Me tapping in plastic-capped nails to secure the underlayment at the roof ridge. Note the weather for these past few days of roofing have been nothing short of perfect. (photo credit: my dad's cell phone)

With all that’s gone wrong in this project, we have had one major thing go right: the materials we bought.  Specifically, I’m going to give a DIY-er endorsement of the underlayment material you can see in the photo above.  We were tipped off early in the purchasing process to look into something called “synthetic felt” over traditional felt because of increased durability and water-resistance.  The product we bought is called PermaFelt, and superior specifications aside, my favorite thing about it is the tack of the surface.  I can shimmy all around the roof on this stuff without ever slipping or even feeling like I might slip. Considering how steep this section of the roof is, and my inexperience climbing on roofs, that added benefit was totally worth the slightly higher cost.

Yard Work

The roof section we’re working on faces west, which means that around 3:00pm the sun is shining directly onto it and humans should not be up there (or they will become melted humans).  So, my strategy lately has been that, as soon as the sun hits that human-melting spot in the sky, I find work to do on the east side of any structure available.  This week, that area was the back side of the garage.  Now, a number of weeks ago I pulled a ton of weeds out of here because I had discovered (painfully) that a particularly nasty patch of stinging nettles had taken up residence.  But after doing that, it was looking pretty dismal:

Behind the garage: before. This is actually more of a "during" than a "before," since I had already cleared the weeds before I remembered to take a photo.

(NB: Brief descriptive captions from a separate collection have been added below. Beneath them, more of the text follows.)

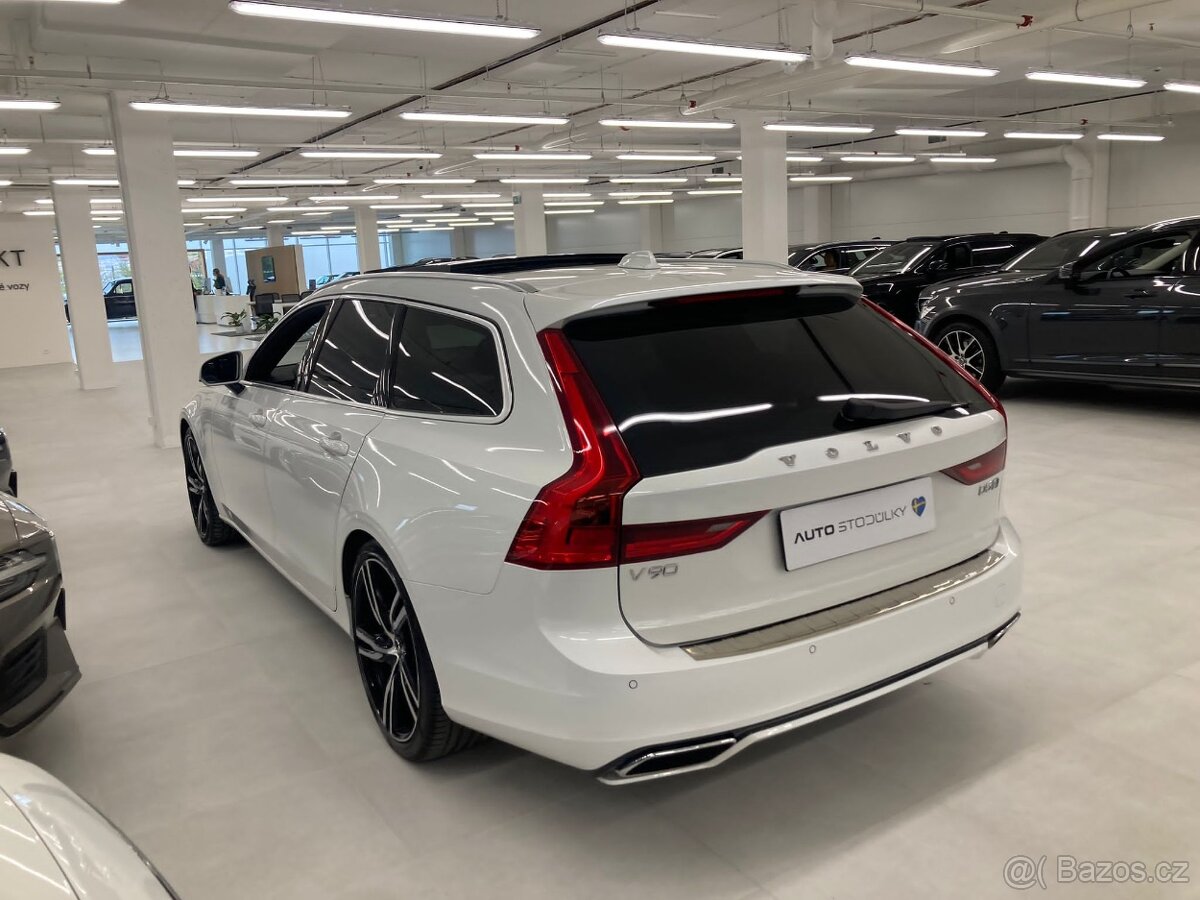 Prodám Volvo V90, D5, 2.0, 173 kw, 4x4, R-design, r.v.2018 - 4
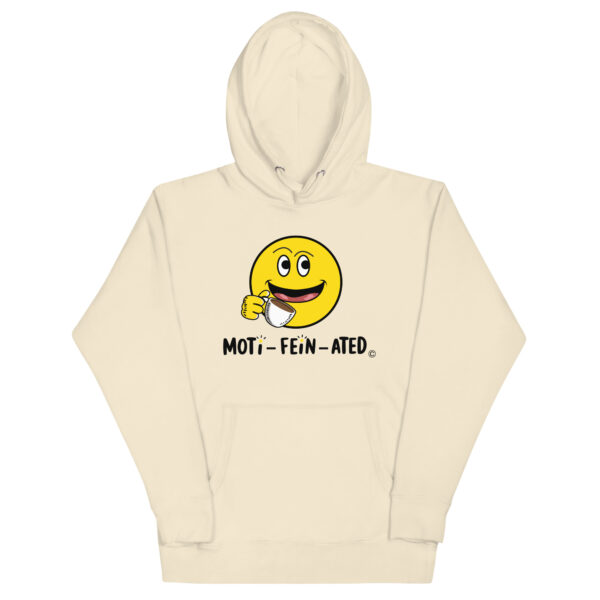 MOTI-FEIN-ATED Unisex Premium Hoodie - Image 33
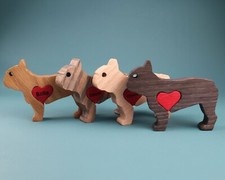 Statuina Bulldog Francese in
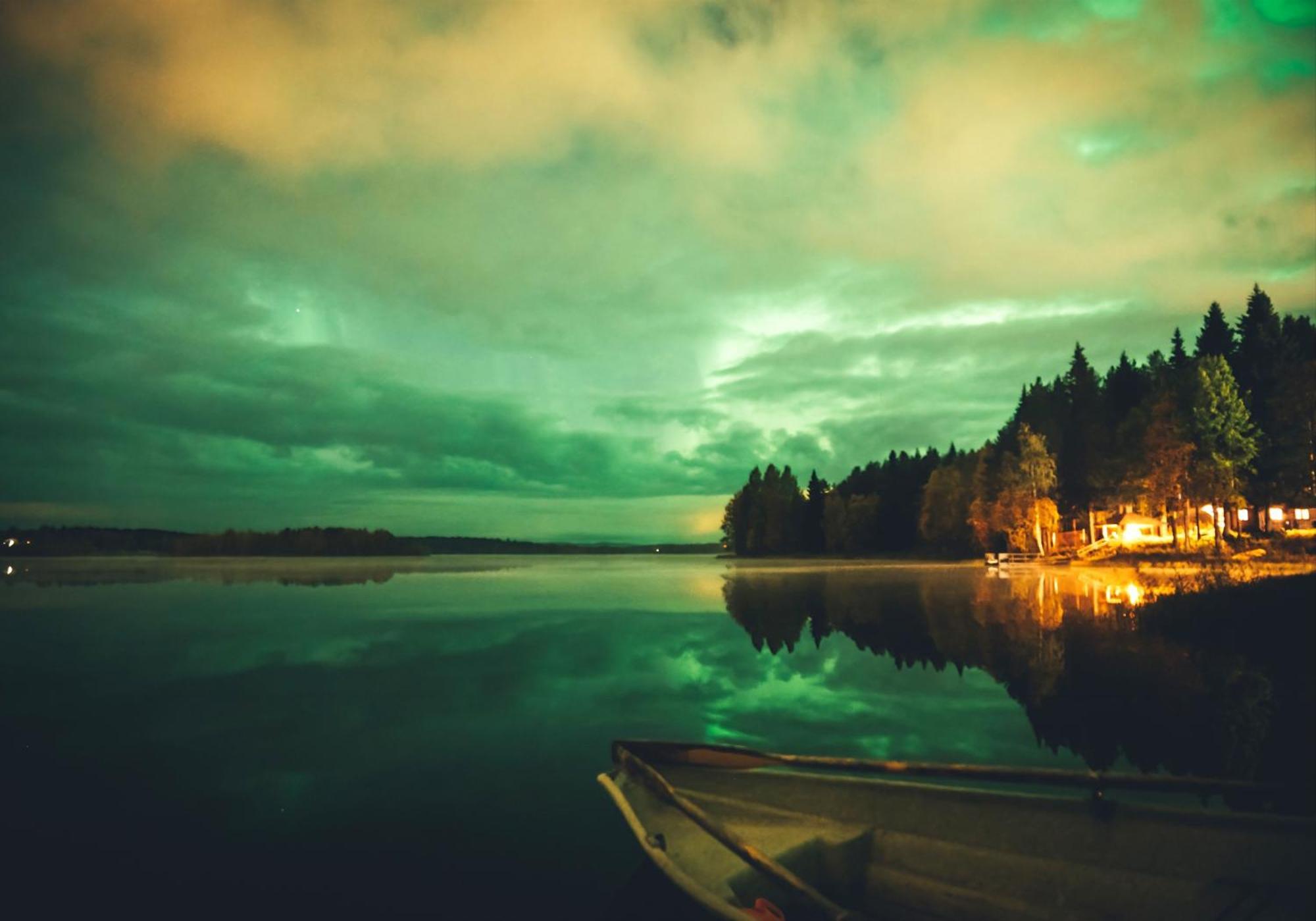 Goiglo Hotel & Hostel Kuusamo Luaran gambar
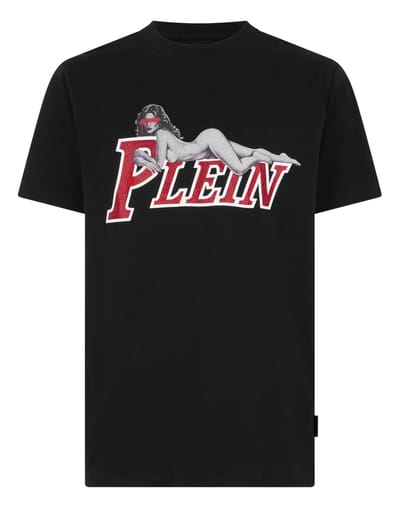 T-Shirt Met Ronde Hals En Korte Mouwen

So it was off to the internet to find some supplies.  I nearly immediately found a guy on Craigslist selling some edging blocks for cheap, and then less than a week later a gal was giving away a whole bunch of landscaping fabric.  Easy-peasy.  After pulling the remaining weeds out, I ended up spending several hours pulling out shards of glass and other garbage from the soil, and then it was landscaping time.  Then it was pretty simple; essentially landscaping fabric, edging blocks, mulch.  Voila:

Behind the garage: after. I still need to figure out what I'm putting there, but at least this keeps the weeds from taking over again.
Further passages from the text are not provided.